Dataset entries:

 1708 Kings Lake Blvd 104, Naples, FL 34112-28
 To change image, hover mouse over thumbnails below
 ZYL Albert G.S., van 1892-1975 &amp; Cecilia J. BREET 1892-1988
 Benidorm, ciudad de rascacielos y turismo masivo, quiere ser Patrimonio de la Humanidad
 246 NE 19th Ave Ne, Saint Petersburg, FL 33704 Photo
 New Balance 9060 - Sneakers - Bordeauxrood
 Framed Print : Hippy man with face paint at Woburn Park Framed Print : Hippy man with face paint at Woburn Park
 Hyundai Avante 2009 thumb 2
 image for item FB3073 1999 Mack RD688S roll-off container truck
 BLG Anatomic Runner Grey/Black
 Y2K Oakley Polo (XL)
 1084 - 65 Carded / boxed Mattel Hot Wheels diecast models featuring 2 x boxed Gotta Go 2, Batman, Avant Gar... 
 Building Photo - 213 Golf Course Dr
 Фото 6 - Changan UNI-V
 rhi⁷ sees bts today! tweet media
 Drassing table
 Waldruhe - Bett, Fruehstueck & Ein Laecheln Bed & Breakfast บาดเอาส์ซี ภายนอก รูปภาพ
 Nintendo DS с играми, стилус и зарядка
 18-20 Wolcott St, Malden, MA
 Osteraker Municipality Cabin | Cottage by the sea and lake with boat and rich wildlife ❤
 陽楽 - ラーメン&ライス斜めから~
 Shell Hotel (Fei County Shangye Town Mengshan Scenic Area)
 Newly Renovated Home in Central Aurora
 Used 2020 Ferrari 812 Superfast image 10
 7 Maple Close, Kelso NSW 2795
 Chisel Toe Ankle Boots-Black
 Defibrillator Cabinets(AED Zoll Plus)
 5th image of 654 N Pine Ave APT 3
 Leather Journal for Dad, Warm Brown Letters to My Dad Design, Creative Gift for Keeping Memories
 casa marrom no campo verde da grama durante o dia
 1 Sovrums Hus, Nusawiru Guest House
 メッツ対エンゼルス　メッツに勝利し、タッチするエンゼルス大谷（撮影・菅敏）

_Task description_
Every line from the data above that contains "with" must appear in the answer.

_Solved exercise_
 Framed Print : Hippy man with face paint at Woburn Park Framed Print : Hippy man with face paint at Woburn Park
 Osteraker Municipality Cabin | Cottage by the sea and lake with boat and rich wildlife ❤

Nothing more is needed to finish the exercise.